The actions we can perform to protect from malware are:

1. Be careful about the email attachments you open.

2. Stay away from suspicious websites.

3. Install and maintain an updated antivirus program.

Here is a great video regarding how we can protect our computers from malware. I completely recommend checking it out!

 

 

Pick a Hat

Whenever we hear the word hacker one word comes to our minds “CRIMINAL”, but we could be wrong. The definition of hacker is controversial and it could mean either someone who steals information or a skilled developer working for a great company.

There are tree terms to classify the hackers based on their behavior: black-hat, white-hat and gray-hat hackers.

Black-hat hackers are the type of hacker everyone has heard of. The ones who violate computer security for personal gain. The activities these hackers perform go from stealing credit card numbers to collecting personal data for sale to identity thieves. Black hats represent the stereotype that hackers are criminals performing illegal activities and attacking others.

White-hat hackers are the ethical hackers. They are experts in compromising computer security systems but they use their knowledge and abilities for ethical purposes.These hackers may be employed by an organization to attempt to compromise their systems and then report back and inform how the access was gained. Such actions will allow the organization to improve their defenses.

Gray-hat hackers fall between the white hats and the black hats. Gray hats don’t work for their personal gain or to cause damage, but they may technically commit crimes and do unethical things.

Now, lets talk more about ethical hacking.

An ethical hacker is a computer and networking expert who attempts to gain access to a computer system on behalf of its owner. The purpose of this activity is to find vulnerabilities that a malicious hacker could exploit.

Ethical hackers use the same techniques than malicious hackers, but instead of taking advantage of the vulnerabilities, they document them and provide advice on how to fix them. With that done, the organization is able to improve its security.

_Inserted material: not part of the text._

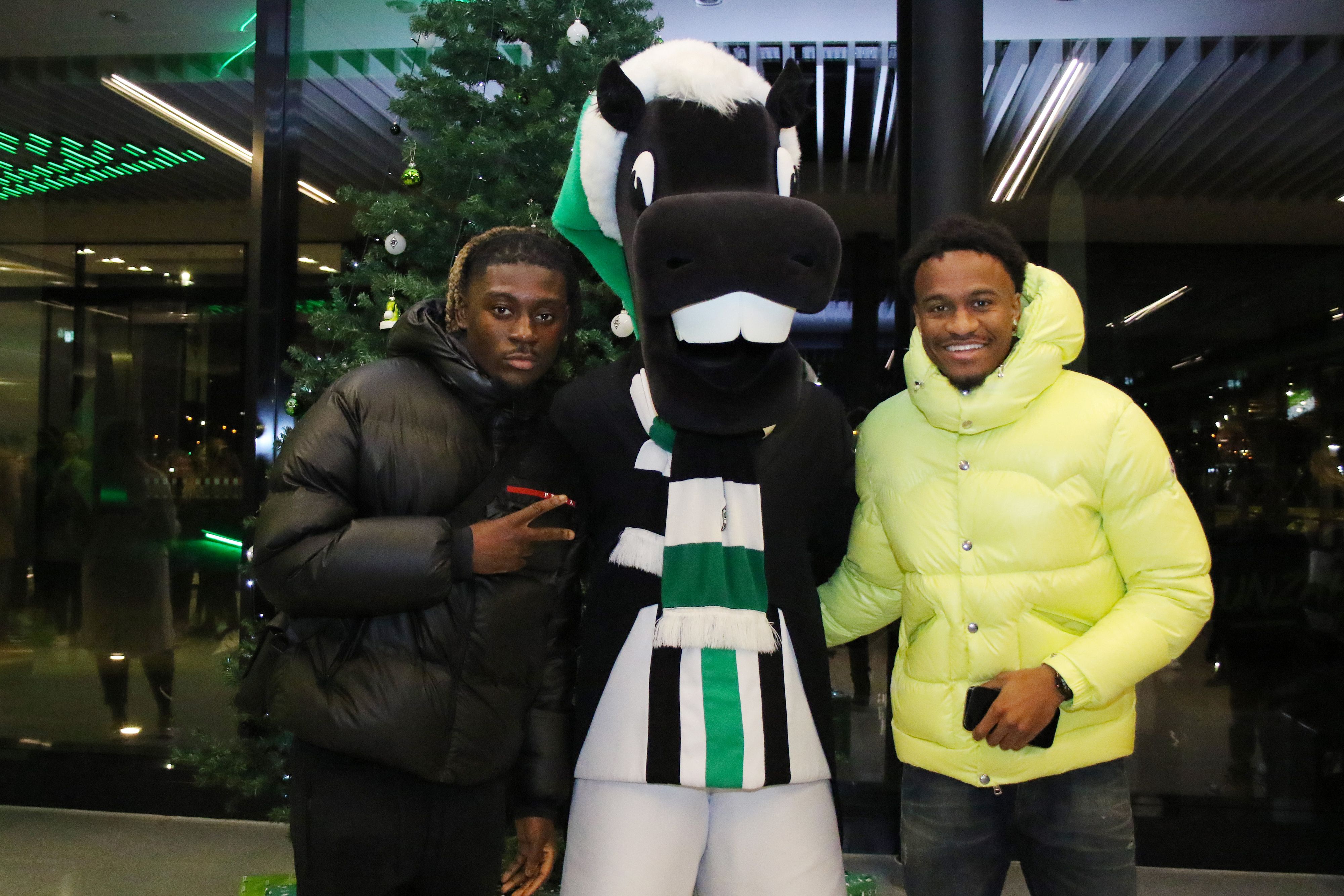 Manu Koné (l.) und Nathan Ngoumou (r.) posieren gemeinsam mit Maskottchen Jünter bei der Weihnachtsfeier von Borussia Mönchengladbach im Borussia-Park am 11. Dezember 2022.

An important activity for ethical hacking are the penetration tests. During the performance of this activity vulnerabilities are checked and classified. The phases of a penetration test are:

• Reconnaissance: It consists on gathering data on the target in order to better plan the attack.
• Scanning: Requires the application of technical tools to gather further information on the target. This data is about the systems that they have in place.
• Gaining Access: This is taking control of one or more network devices. It can be either to extract data or to use it to launch attacks on other targets.
• Maintaining Access: Consists in being able to be persistently within the target environment. In this phase the attacker must be discreet to not get caught.
• Covering Tracks: It means that the attacker has to remove all the evidence, revert all the changes that were made.

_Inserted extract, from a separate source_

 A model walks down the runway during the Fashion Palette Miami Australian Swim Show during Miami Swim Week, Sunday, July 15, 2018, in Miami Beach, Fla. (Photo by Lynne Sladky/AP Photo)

For hacking to be ethical, the hacker must have the express permission from the owner to probe their network and attempt to identify potential security risks.

Why should we study computing security?

Nowadays, almost every aspect of our lives involves a computer. Aspects like school work, online shopping, social life, etcetera. This leads to the fact that a lot of our personal information is stored in computers. Which is great because it makes our life easier but unfortunately there are bad people in this world who want to access that information.

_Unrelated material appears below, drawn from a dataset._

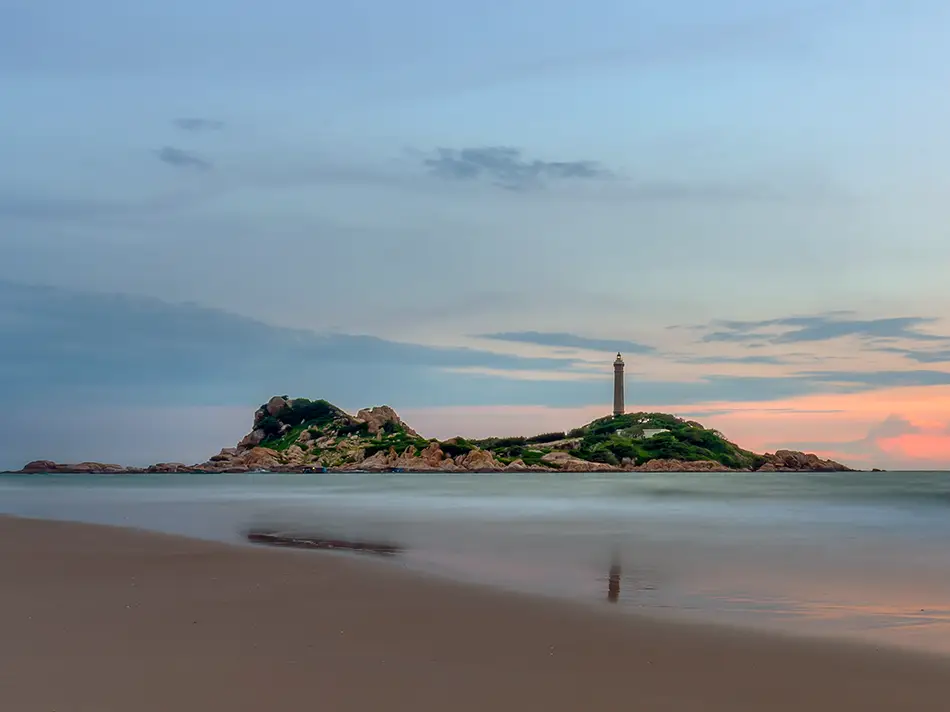 Ke Ga lighthouse on its rocky island silhouetted against a pastel pink and orange sunset sky, viewed across a calm stretch of beach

I think we all have heard the word virus and have more or less the idea of what it means. In sake for us having the same understanding of the word I’ll present its definition below.

According to Chuck Easttom, in his book Computer Security Fundamentals, “A computer virus is a program that self-replicates. Generally, a virus will also have some other unpleasant function, but the self-replication and rapid spread are the hallmarks of a virus.”

So, that is the definition of a computer virus. It is not exactly what I had in mind and it is just the tip of the iceberg. There are many threats to our information and that is why we should study computing security.

We should study computing security to: safeguard our information, know what the vulnerabilities of our systems are in order to protect them and learn how to avoid an attack.